Role of endothelin receptor subtypes in the in vivo regulation of renal function

Endothelin (ET) is a potent vasoconstrictor peptide of endothelial origin, which at low doses results in renal vasoconstriction and diuresis with variable actions on sodium excretion. The current study conducted in four groups of anesthetized dogs was designed to define the role of the ET(A) and ET(B) receptor subtypes in the renal actions of low-dose exogenous ET. Group 1 (n = 4) animals served as time controls. In group 2 (n = 6) a systemic ET- 1 (5 ng · kg^-1 · min^-1) infusion mediated renal vasoconstriction, antinatriuresis with increases in proximal fractional reabsorption of sodium, and diuresis with a decrease in urine osmolality. In group 3 (n = 6) intrarenal BQ-123 (4 μg · kg^-1 · min^-1), a selective ET(A) antagonist, abolished the systemic ET-1-mediated changes in renal homodynamics and unmasked a natriuretic action at the level of the proximal tubule. In contrast, the diuretic response of ET was not altered by BQ-123. In group 4 (n = 6) intrarenal sarafotoxin 6-c, a selective ET(B) receptor agonist, resulted in a diuretic response without a change in sodium excretion.

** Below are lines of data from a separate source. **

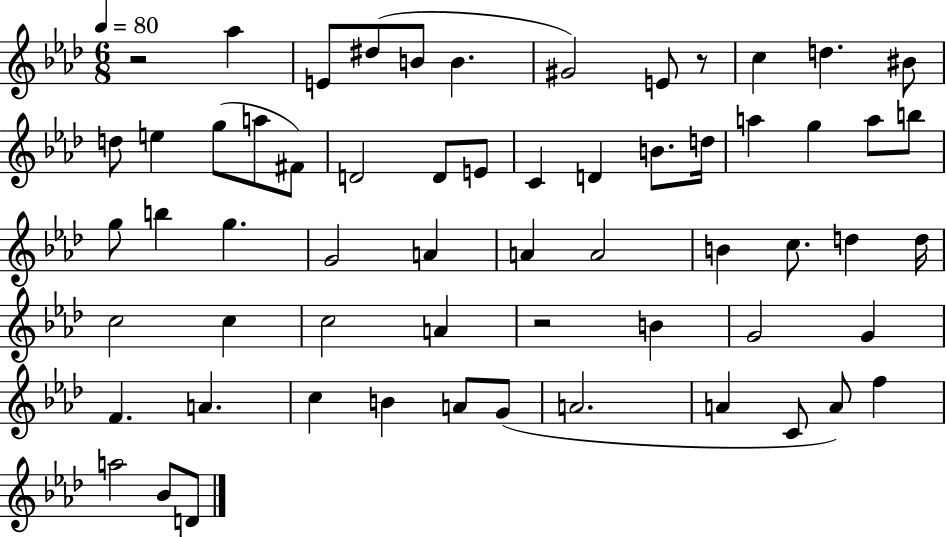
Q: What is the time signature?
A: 6/8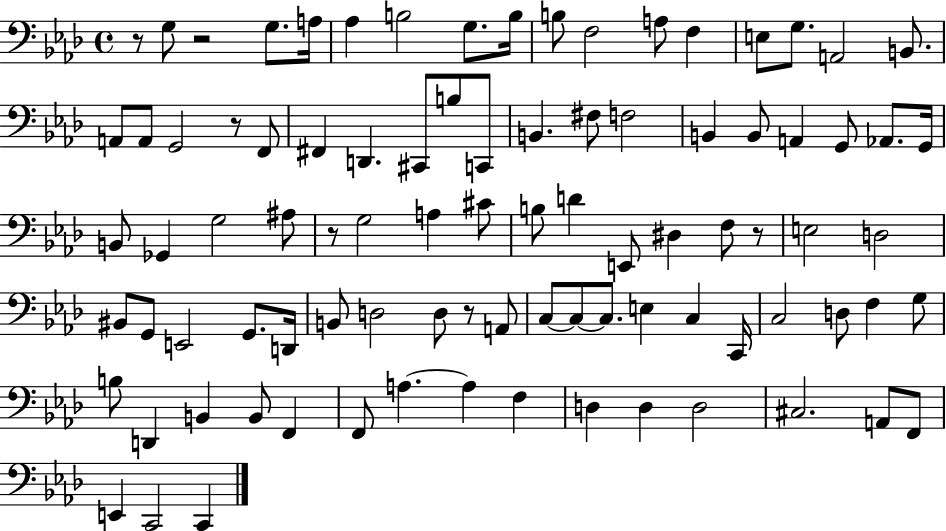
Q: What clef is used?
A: bass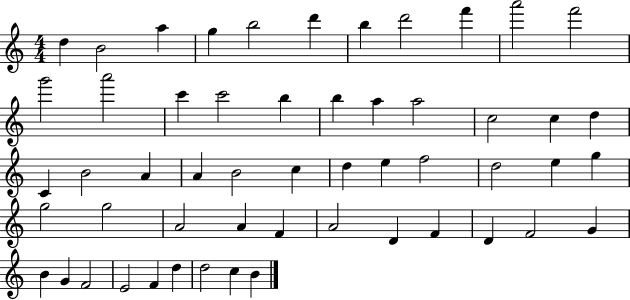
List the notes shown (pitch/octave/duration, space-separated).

D5/q B4/h A5/q G5/q B5/h D6/q B5/q D6/h F6/q A6/h F6/h G6/h A6/h C6/q C6/h B5/q B5/q A5/q A5/h C5/h C5/q D5/q C4/q B4/h A4/q A4/q B4/h C5/q D5/q E5/q F5/h D5/h E5/q G5/q G5/h G5/h A4/h A4/q F4/q A4/h D4/q F4/q D4/q F4/h G4/q B4/q G4/q F4/h E4/h F4/q D5/q D5/h C5/q B4/q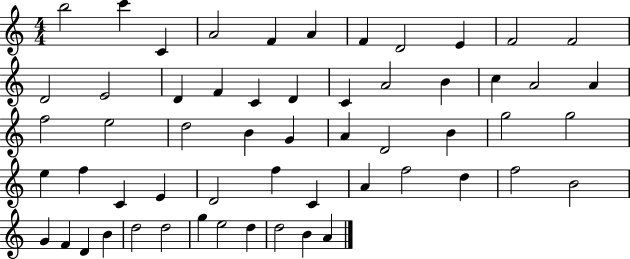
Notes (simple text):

These studies suggest that the ETA receptor contributes to the renal vasoconstriction, whereas the ET(B) receptor is largely responsible for the diuretic response during exogenous ET. This study also suggests that at low doses ET is natriuretic in vivo by decreasing proximal tubular reabsorption of sodium independent of ET(A) or ET(B) receptor activation.